Impact: Provide technical information on the performance of the EPA Enterococcus qPCR methods for monitoring recreational beach water quality to potential decision makers, stake-holders and end-users
The U.S. Environmental Protection Agency (EPA) has provided recommended beach advisory values in its 2012 recreational water quality criteria (RWQC) for states wishing to use quantitative polymerase chain reaction (qPCR) for the monitoring of Enterococcus fecal indicator bacteria in their waters.
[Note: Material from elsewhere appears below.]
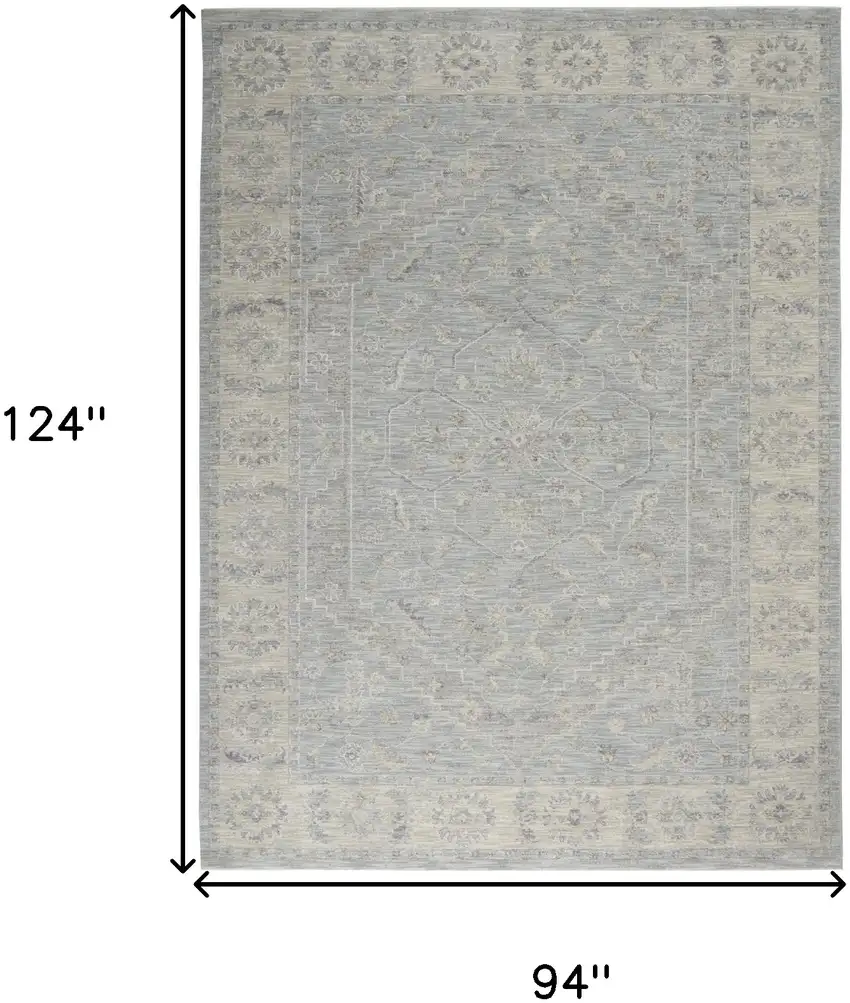 Teal and Ivory Floral Power Loom Area Rug Photo 3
Two alternative qPCR methods (currently available EPA Method 1611 and soon to be released EPA Method 1609) will be available for these water quality analyses. These EPA-validated methods are similar in most respects with the primary difference being in the PCR reagents that they feature. Method 1611 uses an older reagent formulation (Universal Master Mix) while Method 1609 will use a more recently introduced reagent (Environmental Master Mix). Analysis results with both reagents of DNA extracts from 221water samples from seven major midwestern U.S. rivers were used to compare frequencies of samples that failed EPA acceptance criteria for two different PCR interference control assays and to compare Enterococcus target sequence density estimates obtained from the EPA calibration model. Differences in control assay results were most pronounced in analyses of undiluted DNA extracts with Universal Mix analyses showing >50% acceptance criteria failures as opposed to <5% for Environmental Mix. Conversely, control assay failure rates were similar for the two reagents (<5%) in analyses of five-fold dilutions of the extracts. Enterococcus target sequence density estimates from analyses of five-fold diluted DNA extracts of the samples with the two reagents were not significantly different as determined using a traditional statistical analysis model and showed highly overlapping 95% credible intervals using a Bayesian statistical model. Similar results were observed in comparisons of estimates from analyses of undiluted and diluted DNA extracts using Environmental Master Mix only. These findings suggest that Enterococcus density estimates from analyses of five-fold diluted DNA extracts by Methods 1611 and 1609 may be equally compared to the EPA RWQC beach advisory values. Moreover, analysis results from undiluted DNA extracts by Methods 1609 also may be applicable for this purpose.
Record Details:Record Type: DOCUMENT (JOURNAL/PEER REVIEWED JOURNAL)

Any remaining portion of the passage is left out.